D’autres recrues de notre promotion sont présentes et viennent parfois converser avec nous, le temps d’un repas, ou d’une partie de dés. Mes relations avec elles sont des plus cordiales, d’autant plus maintenant que Bernas et moi avons noué quelques affinités. Je profite de certains de ces moments pour m’éclipser et m’exercer au fonctionnement de mes « charmes ». Je m’assois à l’écart, sur le sol, et je me concentre pour activer l’énergie qui m’habite. L’exercice est plus aisé une fois la nuit tombée, comme si l’énergie cherchait à s’échapper de mon enveloppe, à se précipiter en dehors pour combler l’obscurité de ses rayons puissants. Suivant les conseils de Jaret, je m’exerce à la contenir et à la commander. Au fur et à mesure de mes exercices, je parviens à la diffuser dans mon corps tout entier. L’énergie se loge ensuite en surface de ma peau, créant une sorte d’aura éblouissante.
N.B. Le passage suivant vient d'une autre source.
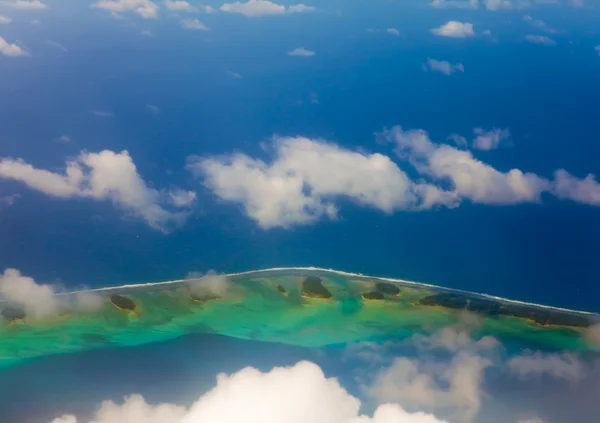 Atol ring v oceánu je viditelný skrz mraky. Letecký pohled. — Stock fotografie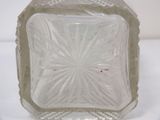 a clear glass bowl on a white surface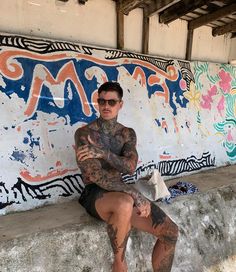 a man with tattoos sitting on a wall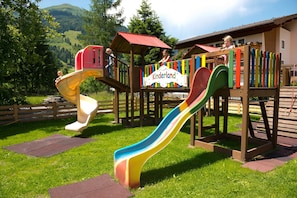 A playground with slides and climbing structures, surrounded by greenery and a building with a sign that reads 'Kinderland'. - Deluxe Stone Pine Room - Hotel Alpina **** (Rauris)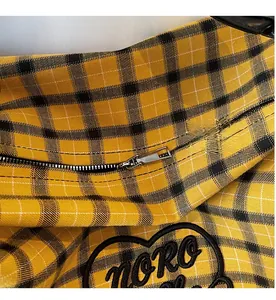 Detail of grid patterned tote bag featuring a smooth metal zipper and heart embroidery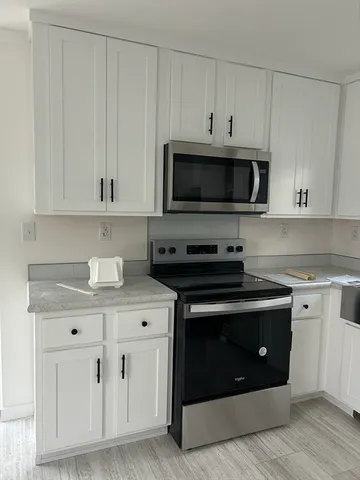 a kitchen with stainless steel appliances granite countertop grey cabinets a stove a sink and dishwasher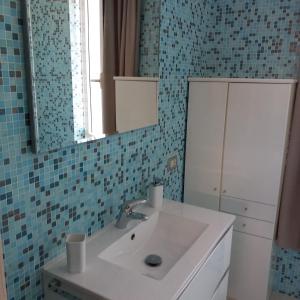 a bathroom with a sink and a mirror at Cà Delmo in Massa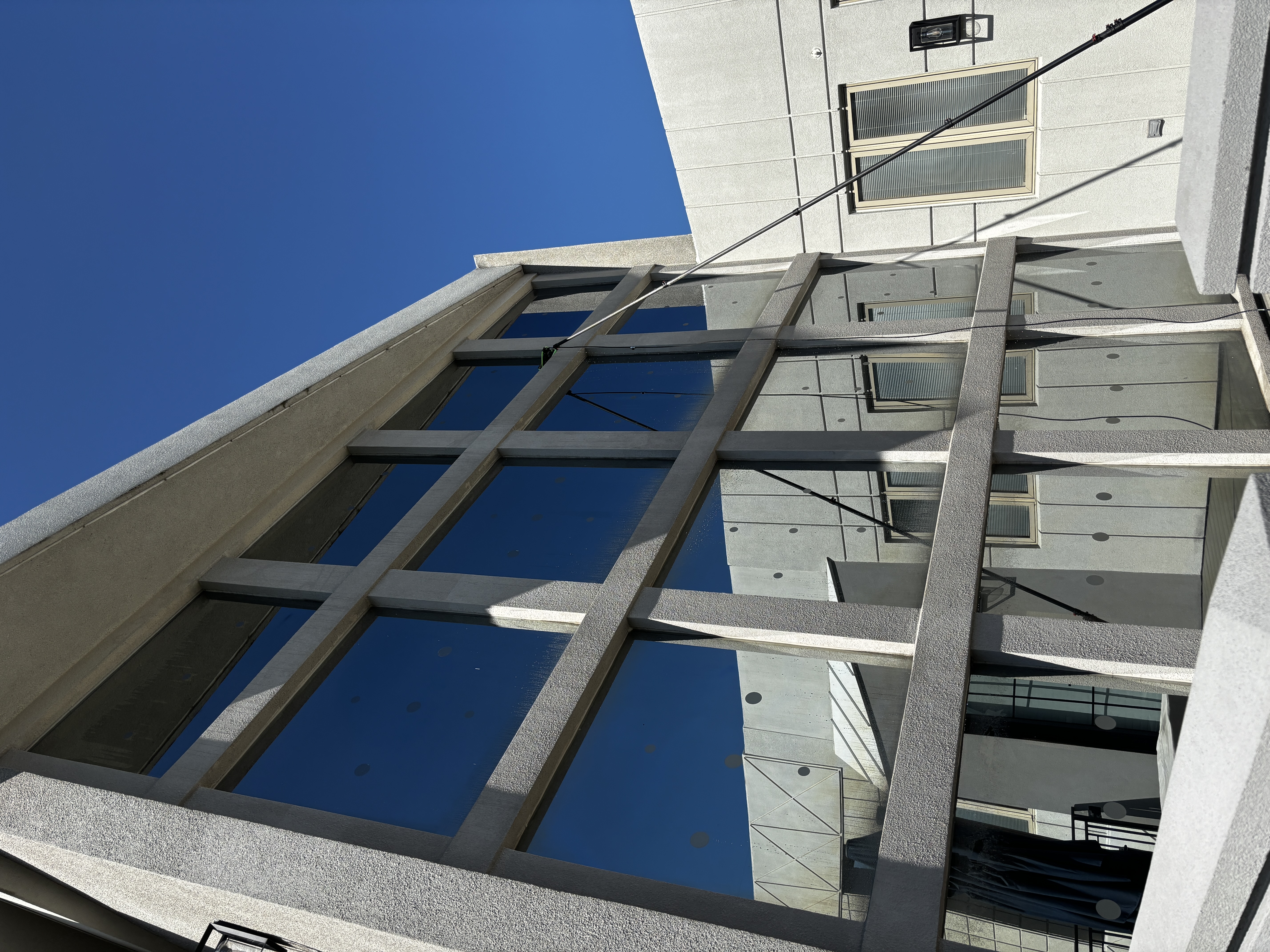 Large commercial building windows cleaned by ClearSide Exteriors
Un jour, intrigué par mes cachotteries, Bernas assista en douce à l’un de mes entraînements ce qui me valut le surnom de « Luciole ». À mon grand désarroi, l’onctueux visage de Tessy s’endurcit, à mesure que l’utilisation de ce sobriquet se répand parmi nos camarades.

Après l’ascension, nous longeons des massifs vertigineux dont nous n’apercevons que rarement les sommets. Une épaisse couche de nuage coagule sur les pics déchiquetés, qui semblent culminer à une altitude parfois double de la nôtre. La route, bien qu’enneigée par endroits, reste praticable et nous progressons à bonne allure. Elle finit par décliner, pour se déverser dans un long défilé. L’amorce de cette descente revigore notre cohorte. Dans quelques jours à peine, nous atteindrons le Val d’abondance. Tous trépignent, bien que certains d’entre nous aillent au-devant d’un destin funeste. J’espère bien compter parmi ceux qui fouleront cette route au retour, titubant sous le poids de la gloire qui plus est.